The course is self-paced, but students must adhere to deadlines for five personal health assessments, one assignment, and four exams to ensure that they complete the course by the end of the term. Each exam covers three or four chapters in the textbook. Students may access sample exam questions to prepare for the graded exams.
Grades are transferred from Connect Personal Health to Scholar, a Virginia Tech proprietary data system. Professor Smith uses individual Connect reports and assignment reports to monitor student activity and keep abreast of any issues she needs to address with students.
“The online resources in Connect are helping students,” Smith states. As a result, she saw increases of up to 12% in exam scores (see Figure 1). These higher scores led to a 14% improvement in pass rates for the course (see Figure 2) and increases of more than 30% in the number of A’s students received in the course.
Professor Smith even saw a 5% increase in her retention rate (see Figure 3). She says, “Now that I’m using Connect, students who drop my class do so because of scheduling conflicts or because they miss the first exam and can’t get an A in the class. They are not dropping the course because they are struggling with the material.”
In addition to the benefits she saw for her students, Professor Smith reports
that she has recovered a good deal of the time that she previously
spent on all aspects of managing her course from lecture prep and delivery
to holding office hours and answering emails and phone calls. Since
Connect Personal Health provides students the opportunity to learn core
concepts outside of class, she only spends about three hours each week
communicating via email and answering student questions about the
material.
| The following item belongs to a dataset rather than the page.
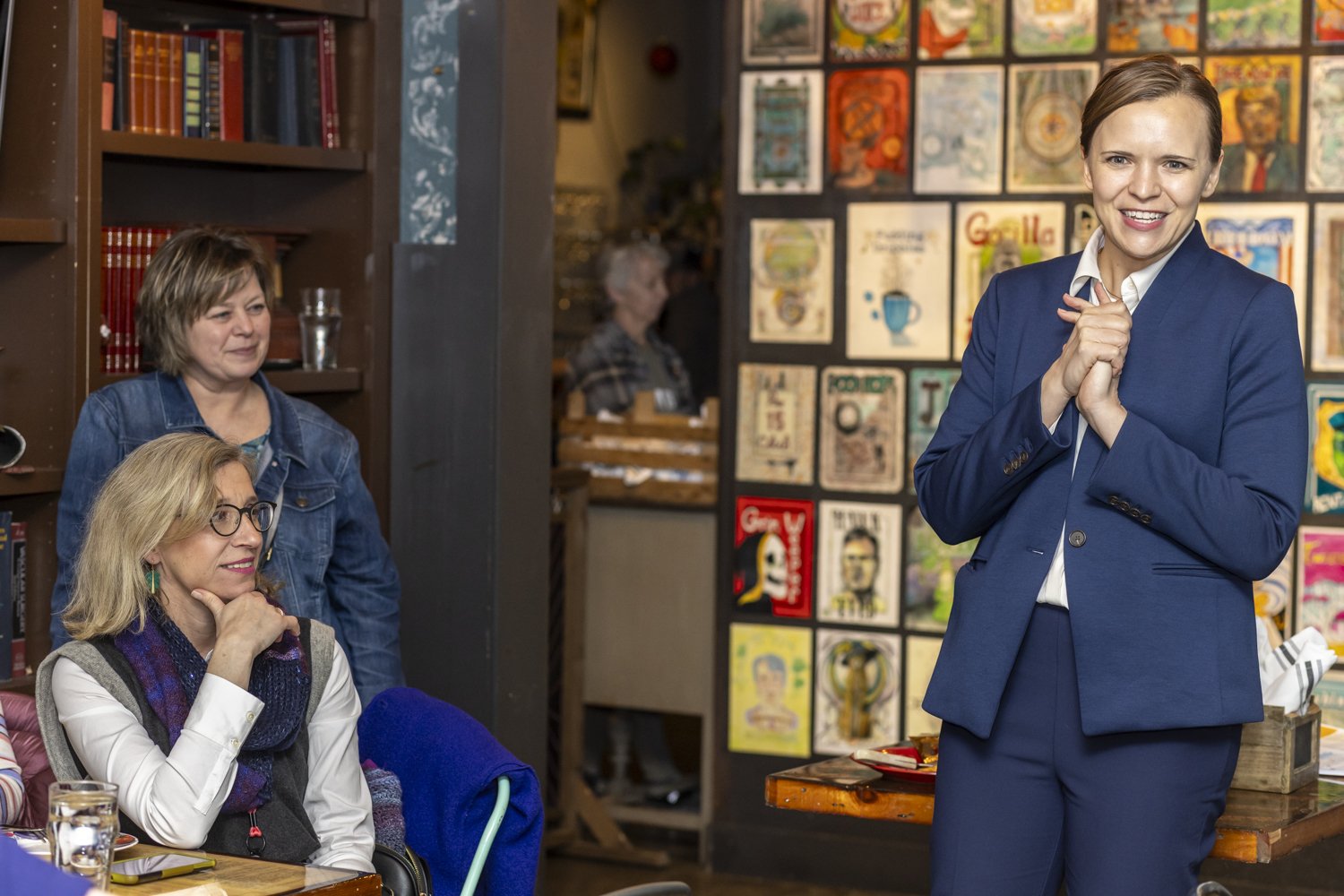 A woman in a blue suit smiles in a room with colorful artwork on the wall. Two other women are seated nearby, one wearing glasses and a scarf. Books are visible on a shelf.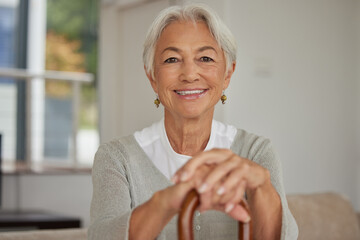 Retired senior woman relaxing at home. Happy smiling old woman holding walking cane and looking at the camera with positivity. Carefree and mature grandmother sitting on chair in nursing home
Connect has also eliminated the eight hours per class that she
spent administering and grading exams, enabling her to use her time
more efficiently. “Connect has reduced my time of preparation by providing
a test bank of questions for assignments and exams,” she says.
Professor Smith now plans to use more of the available features in Connect, such as Tegrity™ lecture capture to integrate recorded lectures into her next offering of Personal Health.
Student Comments on Self Assessments
“The assessments really got me thinking about the different kinds of drug issues occurring on campus.”
“It was good to be able to go through the assessments and really consider issues regarding myself that I wouldn’t typically consider.”
“I thought that they (the assessments) were very interesting, especially the test anxiety assessment because it explains that having some anxiety is healthy.”
“All the assessments really allowed me to evaluate myself.”
“They allowed me to think about things that I hadn’t really thought about before!”
“I generally like to take assessments/quizzes like that to see if the results match what I would have guessed for myself. Self-improvement is something I generally like to try to focus on. I tend to pick one or two small things and try to make changes to those habits and move on to new things if I am successful. So, I was very curious to see what these assessments turned up with. I plan on completing all of them.”
Professor Smith says that Connect Personal Health has been a win-win for everyone and would recommend it to other faculty. “It allows me to offer this elective class to about 600 students per semester and 50 during each summer session. It gives the students the opportunity for self-study, and I am there to answer questions about the material and the process. Without Connect, we could not offer the class to this number of students. It’s a popular class at Virginia Tech.”